Source material
[Start of section]
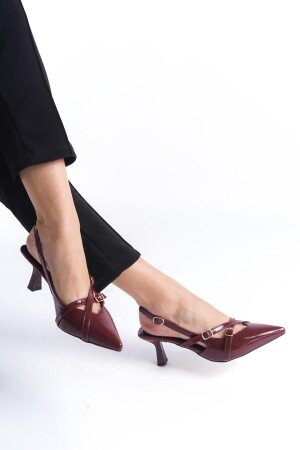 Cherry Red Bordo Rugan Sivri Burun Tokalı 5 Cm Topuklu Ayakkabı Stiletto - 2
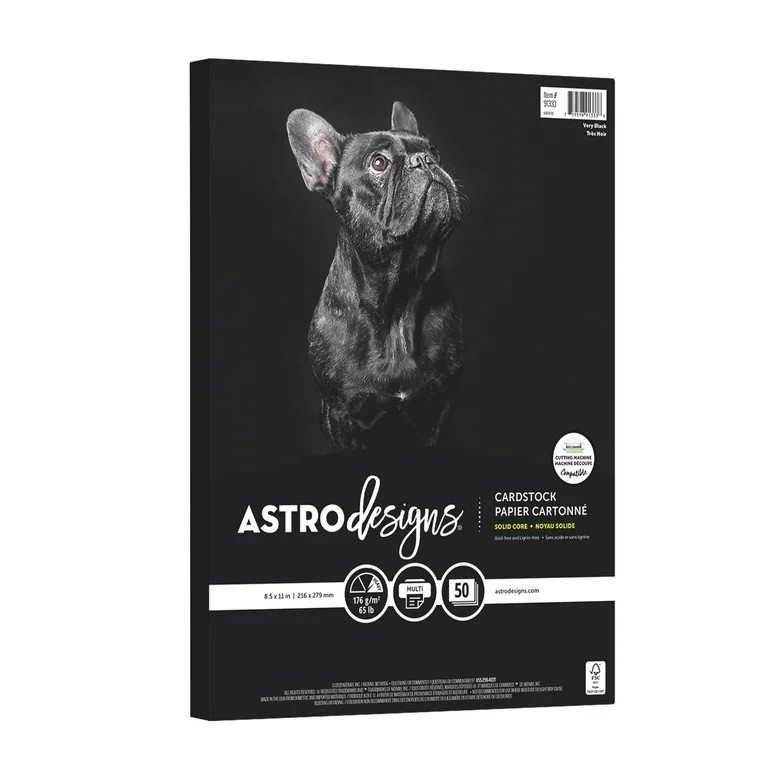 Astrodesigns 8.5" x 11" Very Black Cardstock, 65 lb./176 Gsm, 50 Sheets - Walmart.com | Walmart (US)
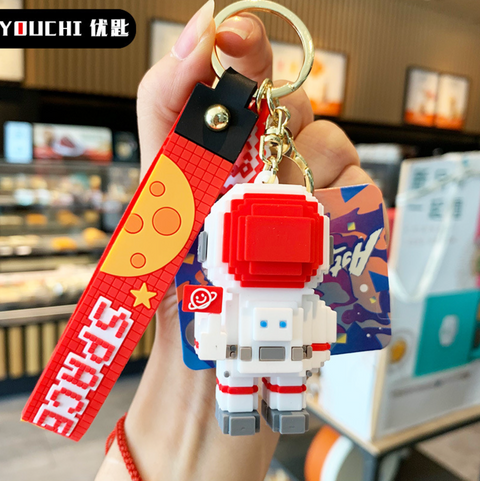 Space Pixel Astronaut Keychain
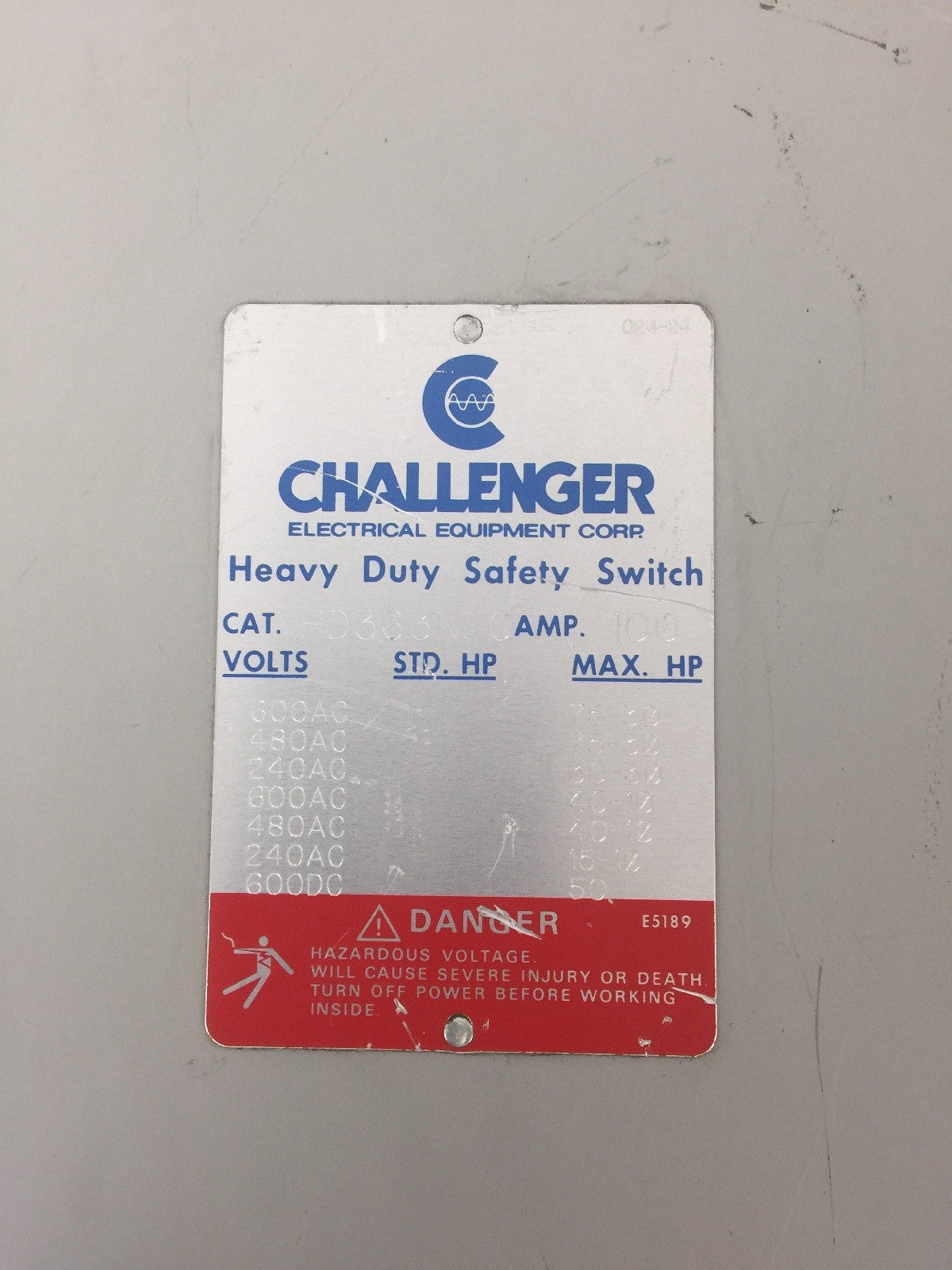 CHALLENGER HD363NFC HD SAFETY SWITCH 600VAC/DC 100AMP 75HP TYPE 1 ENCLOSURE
[End of section]
Exercise directions
If the material above contains pictures, exclude them from an otherwise exact transcription.

Finished task
 Cherry Red Bordo Rugan Sivri Burun Tokalı 5 Cm Topuklu Ayakkabı Stiletto - 2
 Astrodesigns 8.5" x 11" Very Black Cardstock, 65 lb./176 Gsm, 50 Sheets - Walmart.com | Walmart (US)
 Space Pixel Astronaut Keychain
 CHALLENGER HD363NFC HD SAFETY SWITCH 600VAC/DC 100AMP 75HP TYPE 1 ENCLOSURE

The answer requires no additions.